In this study, a novel model relying on sample-conservative spectroscopic methods, including infrared (IR) and nuclear magnetic resonance (NMR) [36-38], was used to evaluate the interfacial tension reduction and the antifoaming activities of A. judaica essential oil. In contrast to the previously reported models, our proposed nondestructive analysis requires diminutive amount of oil samples. Noticeably, both reproducibility and accuracy are distinguished advantages of our proposed IR and NMR-based model [39-41].
2. Materials and Methods
2.1. Chemical and Reagents
Deuterated water (D2 O) 99.9% and deuterated chloroform (CDCl3 ) 99.8% containing 1% v/v trimethylsilane (TMS) were purchased from Sigma-Aldrich, USA. Methanol (analytical grade) was purchased from Loba Chemie, India. Thymol was used as positive control and purchased from Prolabo, UK, while paraffin oil was used as negative control and purchased from Sigma-Aldrich, USA. Hexane 95% GC grade was purchased from Tedia, USA.
2.2. IR, NMR, GC-MS, and GC-FID Instrumentations
IR analysis was undertaken by attenuated total reflectance-Fourier transformed-infrared spectrometer (ATR/FT-IR) with portable design from Bruker under the name of alpha ECD-ATR instrument.
1 H-NMR data were acquired on a Varian Oxford-300 NMR spectrometer operating at a proton resonance frequency of 300 MHz controlled by VnmrJ 2.2D software.
GC-MS was used for identification and quantification of essential oils. GC-MS analysis was performed on a ThermoQuest gas chromatograph coupled to mass spectrometer (QP2010) equipped with Rtx-5MS polar capillary column stationary phases. 1 μ L of 0.1% oil solution (in n-hexane dried over anhydrous Na2 SO4 ) was injected into a TRACE GC 2000 Series (ThermoQuest CE instruments, Austin, TX, USA) gas chromatography equipped with a split/splitless injector. Split ratios of 1 : 30 for diluted and 1 : 100 for undiluted oil samples were used. The column was an Rtx-5MS fused silica capillary column (30 m × 0.25 mm and 0.25 μ m film thickness) consisting of cross bond (5% diphenyl and 95% dimethyl polysiloxane). Helium (He) was used as a carrier gas at a flow rate of 1.0 mL/min. The GC was interfaced with a GCQ plus (ThermoQuest, Finnigan) mass detector operating in the electron ionization (EI) mode (70 eV). The mass spectra were generally recorded over 40 to 650 amu full-scan mode that revealed the total ion current (TIC) chromatograms. A linear temperature program was adapted to separate the different oil components as follows: Initially, the column was maintained at 70°C for 1 min, ramped at 5°C min-1 to 130°C, and maintained for 10 min; a second ramp was then applied at 8°C min-1 to final temperature of 210°C which was held isothermally for 2 min. The temperatures of the injector base, transfer line, and ion source were maintained at 250, 250, and 200°C, respectively. The chemical identities of the separated components were determined by matching their recorded mass spectra with the data bank mass spectra (general purpose, terpene ThermoQuest and NIST libraries) provided by the instrument software and by comparing their calculated Kovats retention indices with literature values measured on columns with identical polarity.

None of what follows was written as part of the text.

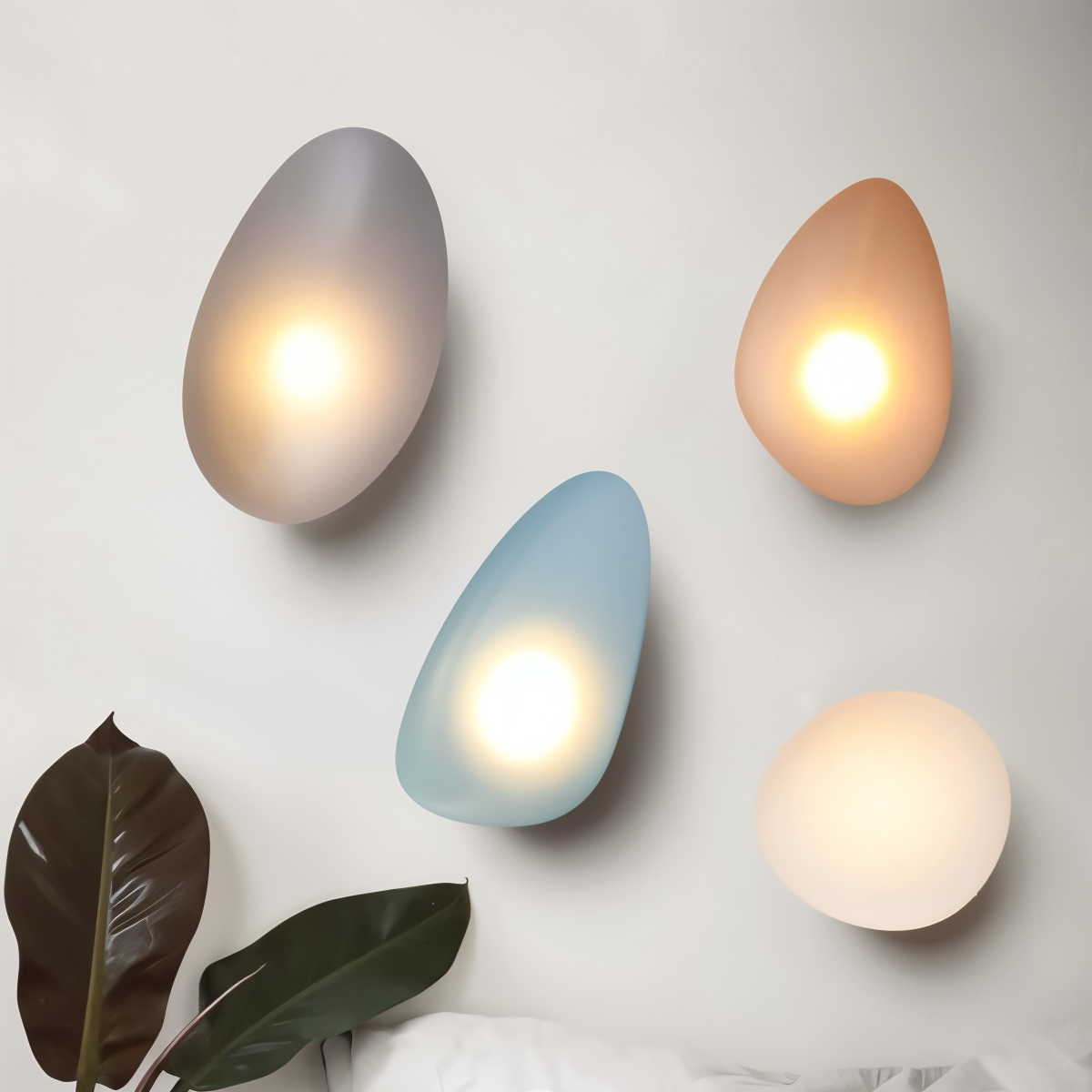 PebbleHue WallLight - LED-Wandlampe aus Glas im Nordischen Stil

GC-FID was also carried out to obtain complementary results of those obtained by GC-MS. GC-FID was performed on a ThermoQuest gas chromatograph coupled to FID (QP2010) equipped with HP-5 capillary column stationary phases. The temperature and splitting ratio were carried out with the same conditions mentioned in GC-MS analysis. Helium (He) was the carrier gas at a flow rate of 1 mL/min.
Identification of the essential oil constituents was accomplished relying on their retention indices on HP-5 column and by computerized matching of the acquired mass spectra with those recorded by Adams [42]. Also, the mass chart of each component matched with MS libraries including Mainlib, Wiley, and Replib. Furthermore, Kovats retention indices were used for identification of the essential oil composition [42].
2.3. Oil Extraction
Leaves of A. judaica were collected from plants before blooming during spring 2011 grown at Al-Mudawarah area, Ma'an governorate, Jordan. The collected material was identified by Professor Dawoud Al-Eisawi, Plant Taxonomist, Department of Biology, Faculty of Science, The University of Jordan. Voucher specimen (AJ-I 2011) was deposited at the Herbarium of the National Center for Agricultural Research and Extension in Jordan.
The oil of air-dried and finely ground leaves of A. judaica was obtained by hydrodistillation using a Clevenger-type apparatus. Distillation was performed using 100 g of dried plant material in 2.5 L distilled water for 3 h at the Pharmaceutical Sciences Department Lab, Pharmacy Faculty, The University of Jordan. Three replicates were carried out. The oil was obtained pure and clearly separated from water layer. It was dried over anhydrous sodium sulfate and stored in a dark glass bottle at 4°C until analysis. The yield of oil was [figure omitted; refer to PDF] based on the dried weight of sample.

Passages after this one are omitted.